• **Your objective**:
Your answer should hold only the lines from the start of the data below through the line with "Baby Seat Belt", copied exactly, with pictures left out.

• **Supplied material**:
============================================================

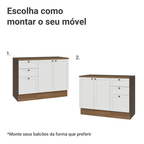 Conjunto Gabinete para Banheiro 110cm 3 Gavetas 3 Portas Rustic/Branco Vik Madesa 01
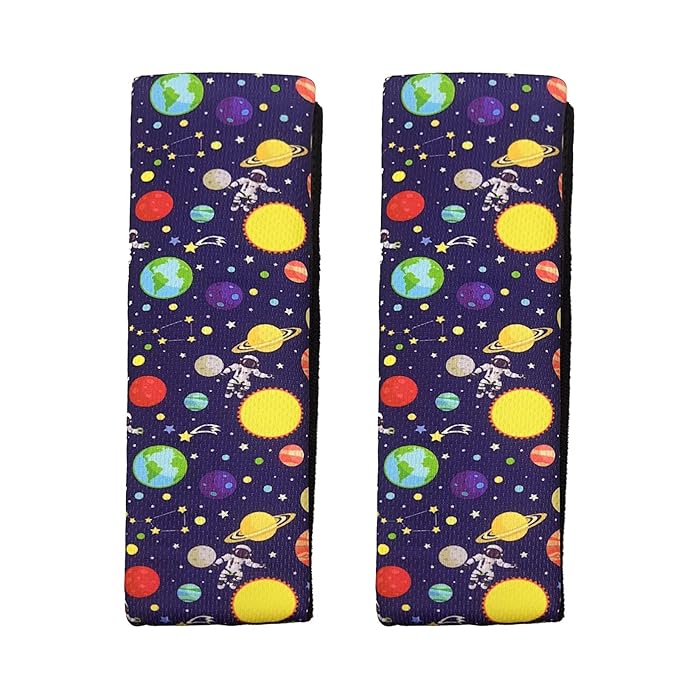 Baby Seat Belt Strap Cover, 2 Pcs Kids Car Seat Belt Cushions Pads, Shoulder Strap Protectors for Girls Boys (Space 4A)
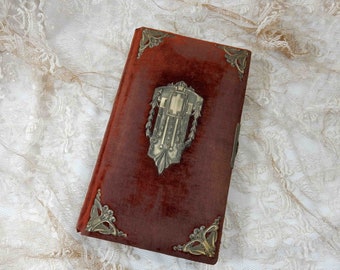 Beautiful Antique Art Nouveau Photo Album with brown-orange rust velvet cover and 39 photos from around 1905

============================================================

• **Expected output**:
 Conjunto Gabinete para Banheiro 110cm 3 Gavetas 3 Portas Rustic/Branco Vik Madesa 01
 Baby Seat Belt Strap Cover, 2 Pcs Kids Car Seat Belt Cushions Pads, Shoulder Strap Protectors for Girls Boys (Space 4A)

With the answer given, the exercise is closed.